La polémica tras la publicación de los bienes inmatriculados por la Iglesia católica en el registro de la propiedad es, créanme, un gran bluff, una gran maniobra de propaganda política, que nada tiene que ver con lo que la ley dice. Nada, en absoluto, con lo que algunos pretenden hacernos creer.

Pedro Sánchez afirmó el pasado 4 de enero de 2020, en su discurso ante el Congreso como candidato a la investidura, que “en un Estado aconfesional no tiene sentido que ninguna confesión se sitúe por encima de la Ley ni disfrute de privilegios que hieren el principio de legalidad y el principio de igualdad”, declarando su voluntad y compromiso de proceder a las reformas legales necesarias para “revertir” las inmatriculaciones de inmuebles por la Iglesia. ¿Qué ha sido de esa promesa? Un año después, el pasado 16 de febrero, la vicepresidenta Carmen Calvo remitía al Congreso el listado de las propiedades inmatriculadas por la Iglesia católica entre 1998 y 2015, en lo que denominó “un ejercicio de transparencia”. Y aquí se acaba la historia, porque la propia Calvo manifestaba entonces que, a partir de ahora, es posible la consulta pública de las inmatriculaciones de esos bienes inmuebles para poder facilitar su reclamación en caso de conflicto sobre su titularidad, así como decía también que las inmatriculaciones se produjeron al amparo de una situación “legal”. ¿Lo quieren más claro? Pues traducido: hasta aquí hemos llegado y ya no hay más.

El Gobierno, por tanto, no va a modificar ley alguna ni va a anular ninguna inmatriculación de inmuebles por la Iglesia. Ni por la Iglesia ni por nadie. Porque la inmatriculación registral es un procedimiento previsto por la ley para cualquiera. Y Sánchez lo sabía perfectamente hace un año como lo sabe ahora y ha reconocido Calvo. La inmatriculación de un inmueble no supone más que el acceso del mismo por primera vez al registro de la propiedad, una institución y modo de dar seguridad jurídica al tráfico inmobiliario mediante la fe pública sobre los datos que allí se inscriben. Pero tengan en cuenta que en España la información del registro de la propiedad es de libre acceso en la práctica, con lo que cualquiera de nosotros podríamos haber obtenido esa información que el Gobierno ha enviado ahora al Congreso en ese llamado “ejercicio de transparencia”. Basta para ello con pedir una nota simple registral alegando interés legítimo, es decir, cualquiera que suponga un interés no contrario a Derecho. Primera conclusión, pues: el Gobierno no nos ha dado nada que no pudiéramos tener ya, sino que simplemente nos lo ha dado, por así decirlo, encuadernado.

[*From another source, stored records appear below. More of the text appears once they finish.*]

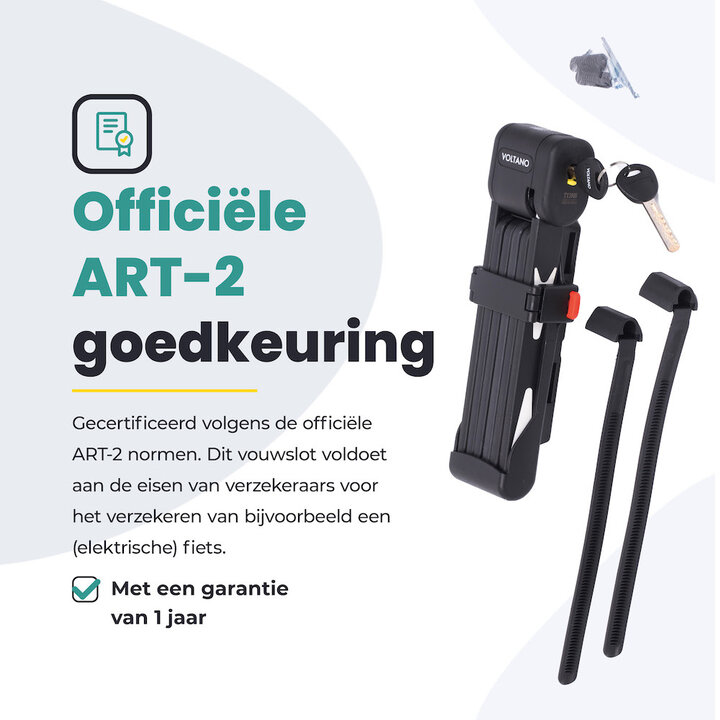 Voltano Vouwslot ART2 - Zwart - 95 CM - Met Framehouder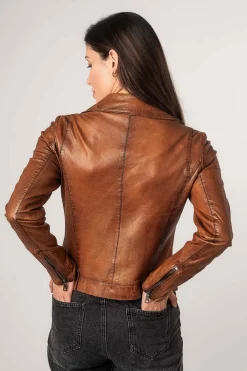 Cazadora de Cuero Mujer Mauritius Fayola 1101 0681 Cognac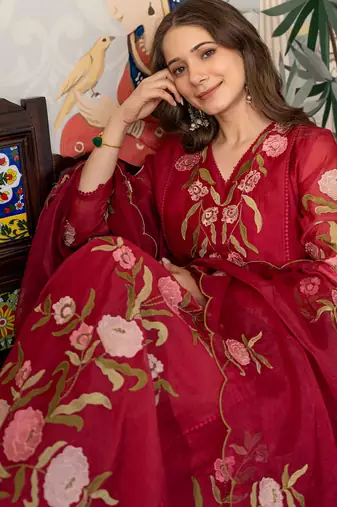 Maroon color beautiful readymade dress on muslin for graceful looks
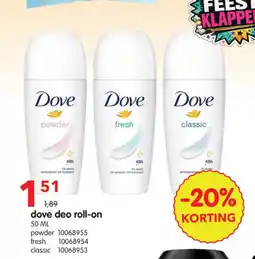 Yess Dove deo roll-on aanbieding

A partir de este momento, y dado que la fe pública registral solo ofrece una presunción de verdad de los datos en él inscritos, cualquier ciudadano está legitimado para impugnar cualquier inmatriculación, pero eso sí: alegando y probando un mejor derecho previo al inscrito. Por tanto, es una falacia que el Gobierno vaya a “revertir” inmatriculaciones, porque, como señaló Calvo, el procedimiento de esas inmatriculaciones fue legal, absolutamente legal, y la propia ley prevé, y ha previsto siempre, que las mismas puedan ser impugnadas ante los tribunales con la prueba de un mejor derecho. Por tanto, si alguien cree que un bien que ha inmatriculado a su nombre la Iglesia, o cualquier hijo de vecino, es realmente de su propiedad, que no lo dude: que acuda al juzgado y haga valer su titularidad real, porque ha podido hacerlo siempre.

Pero vayamos más al fondo de la cuestión: ¿ha tenido la Iglesia un privilegio para inmatricular bienes registralmente a su nombre? Pues realmente no. O sí, pero con matices que hay que aclarar, que medias verdades son mentiras completas. Es incierto que la reforma legal de Aznar de 1998 a 2015 permitiera a la Iglesia Católica inscribir bienes a su nombre. Es incierto porque es una verdad a medias. Esa posibilidad de que una certificación eclesial sirviera donde un particular, por ejemplo, necesitaba un acta de notoriedad, es una previsión que aparece ya en un Real Decreto de 11 de noviembre de 1864 que modifica la legislación del entonces recién creado -solo tres años antes- registro de la propiedad en España, y precisamente excluye de esas inmatriculaciones con certificaciones expedidas “por los Diocesanos respectivos” los templos destinados al culto, y ello por entenderlos como inmuebles fuera del tráfico jurídico comercial equiparables al dominio público. El motivo de que se permitiera la inmatriculación de inmuebles por la Iglesia no fue tanto favorecer a la misma, sino más bien a los adquirentes de esos bienes en aplicación de las leyes de desamortización del siglo XIX, dado que para proceder a la venta de aquellos, incluso forzosa, una manera idónea fue inscribir previamente los mismos a nombre de los transmitentes, justamente mediante la inmatriculación. Solo así se aseguraba el tracto sucesivo de las inscripciones. De hecho, es importante recordar que con el Reglamento Hipotecario de 1915 se repitió la fórmula e incluso se preveía ya expresamente la prohibición de la doble inscripción mediante la figura de la inmatriculación, por lo que cabe decir con claridad que nunca ha gozado la Iglesia de ese privilegio, que hubiera sido del todo ilegal, de inmatricular inmuebles que constaran inscritos ya a nombre de otros titulares previamente.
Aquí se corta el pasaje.